Building Tensorflow 2.0 with GPU support and TensorRT on Ubuntu 18.04 LTS [Part 1]

Published in

Analytics Vidhya

10 min readApr 7, 2020

Amongst some prevailing and inevitable choices in life, I once found myself standing on a road which forked into two: Tensorflow or Pytorch? And like almost any other life choice, this too had its own share of uncertainties, assurance and contentment. I took the road my gut called for…and it has made all the difference.

I won’t deny that installing Tensorflow can be a pain and extemely troublesome, especially if we don’t know what we are aiming for, which we almost never do. Yet for certain reasons (flexibility and control being the two most prominent ones), I always prefer building Tensorflow from source. And that is exactly what this article is all about. Since this is a long process, I decided to break it into two parts with the content apportioned as follows:

Part 1: Installation of NVIDIA Driver, CUDA, and cuDNN.

Part 2: Installation of TensorRT and Tensorflow.

For building Tensorflow 1.14 with GPU support and TensorRT on Ubuntu 16.04, kindly refer to this link.

Requirements:

CUDA (= 10.0)
NVIDIA GPU Driver (= 410.x)
cuDNN SDK (= 7.3.1)
CUPTI (ships with CUDA Toolkit)
TensorRT (= 5.0)
Bazel (= 0.26.1)
Python (2.7, 3.5 — 3.7) [Tensorflow 2.1 is the last release which supports Python 2]
pip (version ≥ 19.0)

Step-1: Update and upgrade your system.

$ sudo apt-get update$ sudo apt-get upgrade

Step-2: Verify you have CUDA-enable GPU.

$ lspci | grep -i nvidia

lspci command returns a list of all the hardwares installed on your system.
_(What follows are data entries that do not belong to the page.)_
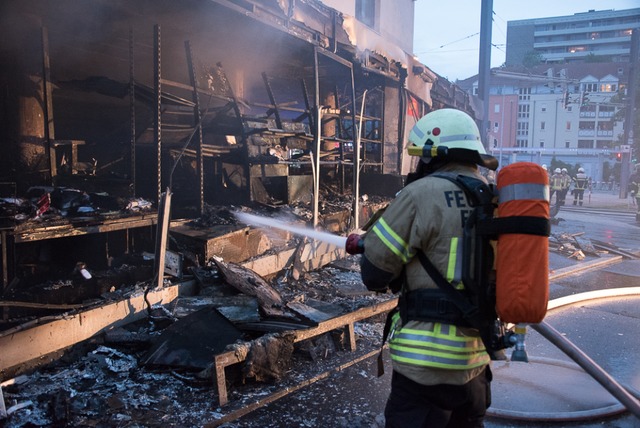 Brand in einem Modellbaugeschft in Freiburg-Zhringen  | Foto: Feuerwehr Freiburg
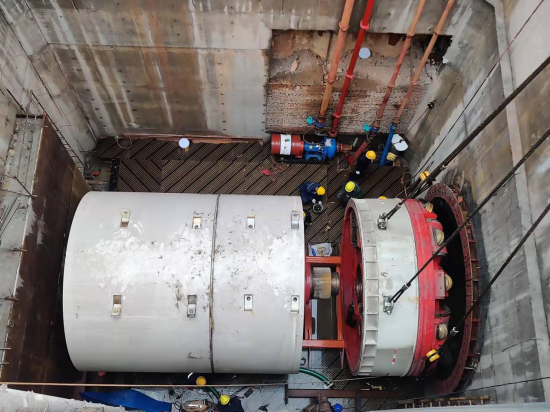 三环南路排水工程施工2标段全线长740m,项目后续附属工程施工正在紧张有序的进行中。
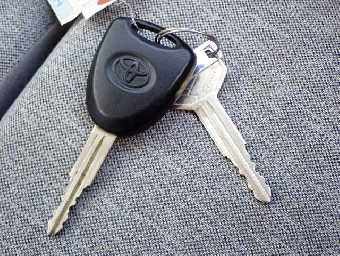 TOYOTA PASSO 2017 Image 8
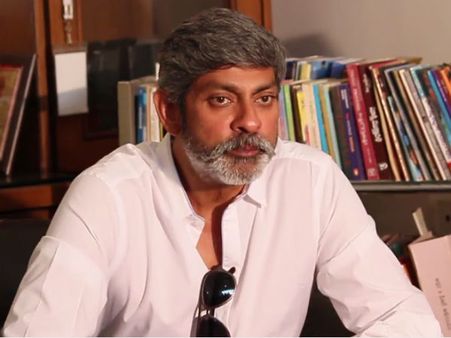 రిలీజ్‌కు ముందే ప్రేక్షకులకు రచయిత సినిమా చూపిస్తాం.. జగపతిబాబు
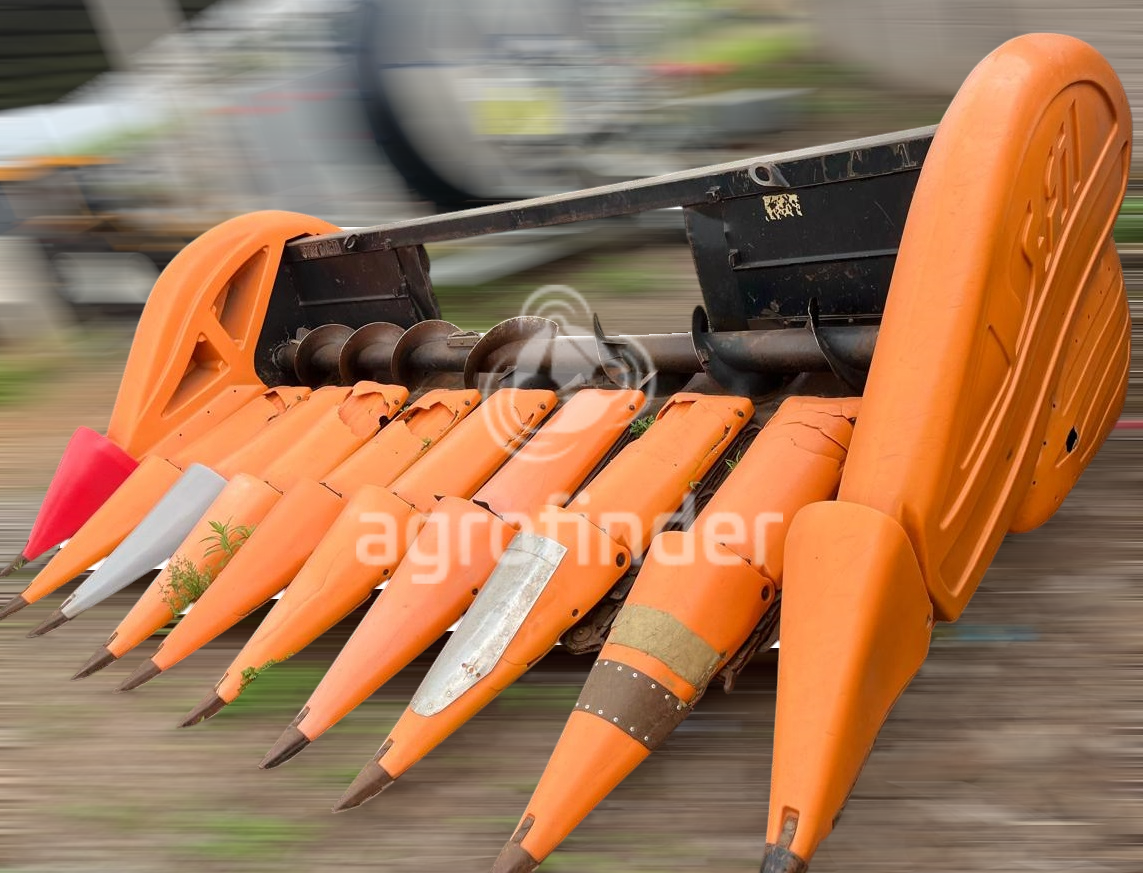 Plataforma de milho Sfil 9 linhas Ano 2007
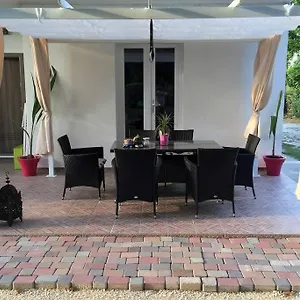 https://villa-magnolia-lido-di-jesolo.hotelslidodijesolo.com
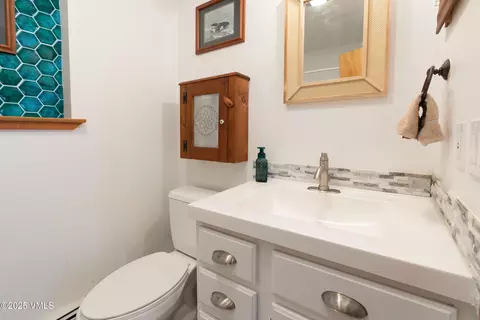 Bath - 761 Bull Run, Eagle, CO 81631 photo 4 of 4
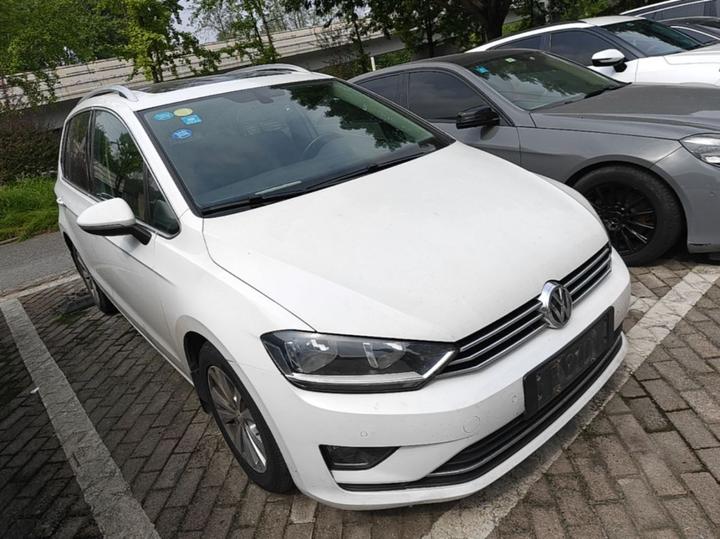 Golf 2016 230TSI AT Progressive photo 3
Using grep -i nvidia returns only the name of the NVIDIA driver. Note down the name and check whether your GPU is CUDA-enabled at http://developer.nvidia.com/cuda-gpus.

If present, note down its compute capability. It’ll be required later.

Step-3: Remove any existing or previously installed CUDA along with NVIDIA Graphics Driver.

$ sudo apt-get --purge remove "*cublas*" "cuda*" "nvidia-cuda*"$ sudo rm -rf /usr/local/cuda*$ sudo apt-get --purge remove "*nvidia*"$ sudo apt-get autoremove$ sudo apt-get autoclean

The first two commands will remove all the cuda files and delete its folder respectively. The third command is to uninstall the nvidia driver installed on your system, which will be replaced by a compatible one later. The last two commands are to remove the inept and unnecessary files, which were installed as dependencies for this package but are no longer needed.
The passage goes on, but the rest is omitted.